THE AGGLUTINATIVE IDIOMS OF

SOUTHERN ASIA.

The Caucasian languages: Tcherkesse group; Kartvelien or Georgian group-The language of the Shumirs or Accadians-Brahui dialect -Non-Aryan India : Kol-Aryan group (Djuangs, Birhors, Korvas, Moundas, Hos, Kharrias, Sonthals); Dravidian group-Dravidians of the North: Oraons, Paharyas, Gonds, Khonds-Dravidians of the Dekkan: dialects spoken by fifty millions of people : Tulu, Kanara, Tamil, Malayala, Telinga-Dravidian phonetics and literature.

THE violent and tardy incursions of the Uralo-Altaïc peoples have led us far into Europe, and we must now return upon our steps to complete the chart of the agglutinative languages of Asia. Let us press along the northern coast of the Black Sea, where we have found more than one Tatar or Mongolian group, and re-enter Asia by the gorges of the Caucasus. It is a strange region, both from the place which it occupies in ancient tradition and from the inextricable mixture of the tribes which inhabit it. This region has had the honour of bestowing its name, of unknown origin, upon the whole white race. It contains the mountain on which, according to Jerome, the Ark of the Deluge was stayed, Ararat, and the summit on which the vengeance of Zeus bound Prometheus, the ravisher of fire; and finally, the highest northern summit of the great chain, Mount Elbruz, as well as the Persian Elbourz to the south of the Caspian, still bears the name of the

legendary holy mountain known to the Persians under the name of Hara - Barazaiti, and to the Greeks as Berecynth.

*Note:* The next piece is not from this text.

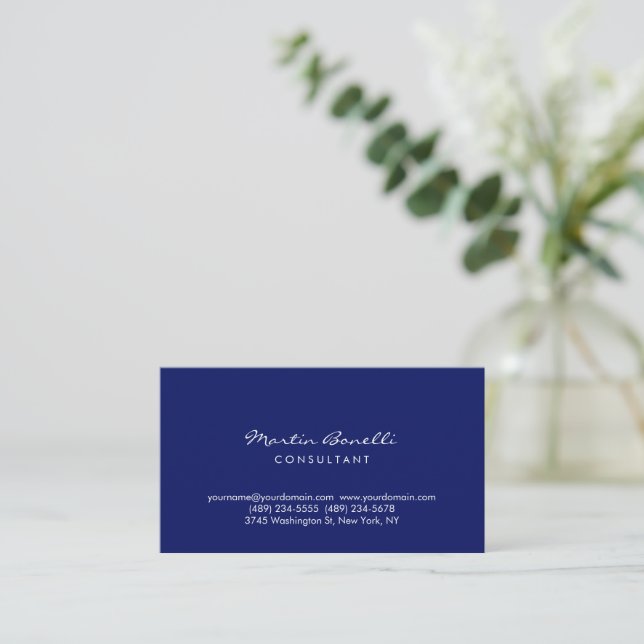 Dark Blue White Minimalist Script Plain Simple Visitkort (Stående Fram)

The ancient traditions collected in the Bible have retained for us the former names of the Tuplai or Tibarenians, of the Muskai or Moschians (inhabitants of Colchis, Georgia, during the Assyrian and Persian period), Tubal and Meshech, sons of Japhet, whom the Jewish sometimes associate with Gomer (the Cimmerians), and Togarma, "who comes from the north wind with all his troops." From the information furnished by Herodotus, by Hecateus, and by the cuneiform inscriptions, we gather that the ancients had a very clear idea of the inhabitants of Armenia, who were gradually driven back towards the southern slopes of the Caucasus, and a slighter acquaintance with the peoples of the other side, Scythians and Cimmerians, who had, however, more than once invaded and disturbed Asia.

After having been a refuge for more or less compact groups of ancient peoples, driven out and broken up by better armed races, the Caucasus became a passage, at least on its eastern and western borders, not only to the Scythians, those multitudes of unknown race, doubtless of very mixed blood, who overthrew the first Chaldean empire, and drove the Hyksos or Shepherds on to the Egypt of the Pharaohs, but also for the vanguard of the Hellenes, the Ionians of Lydia and Phrygia, who transmitted to their descendants, the fabled Argonauts, a vivid recollection of Colchis; and also probably for the future Armenians, who came and settled precisely within the borders of the ancient Alarodian or Georgian race at Van, near the great lake, near the tri-lingual inscriptions, of which a

column may perhaps enlighten us as to the early forms of Georgian. Strabo counted in Caucasia seventy peoples and seventy dialects. The Romans maintained as many as one hundred and thirty interpreters on the frontier at Sebastopol. Aboulfeda called the Caucasus the mountain of languages. Many of these languages are in process of extinction, and the comparative study of them becomes every day more difficult. Yet, if we are guided by the information collected by Klaproth, by Baron Uslar, and by the Russian Academician Schifner, the classification will not be very complicated. But we must first carefully exclude the Armenian of the banks of the Araxes, Ossetan, an Iranian idiom which has taken refuge in a central district to the south-east of Elbruz, modern Persian, and the Tatar or Turkish of Aderbaidjan, which are all spoken on the south-western coasts of the Caspian, and also Nogai and Koumouk, which are found at different parts of the northern basin. We thus isolate the Caucasian group properly so called, represented to the north of the Caucasus by the Abazes, the Tcherkesses, the Kistes, the Tchetchenes, and the Lesghians from the Black Sea to Daghestan; to the south of the Caucasus, by the Imerethians, Mingrelians, and Lazes, by the Georgians and Suanians, between the Black Sea and the middle basin of the Cyrus and of the Arax (now Koura and Aras). On the maps and in the geography of Reclus will be found the names of numerous tribes often very interesting from some characteristic custom, some ancient belief, from the beauty of their type, or from their courageous resistance to the Russian dominion. But from the linguistic point of view they probably belong to one or other of the two divisions which we mentioned above.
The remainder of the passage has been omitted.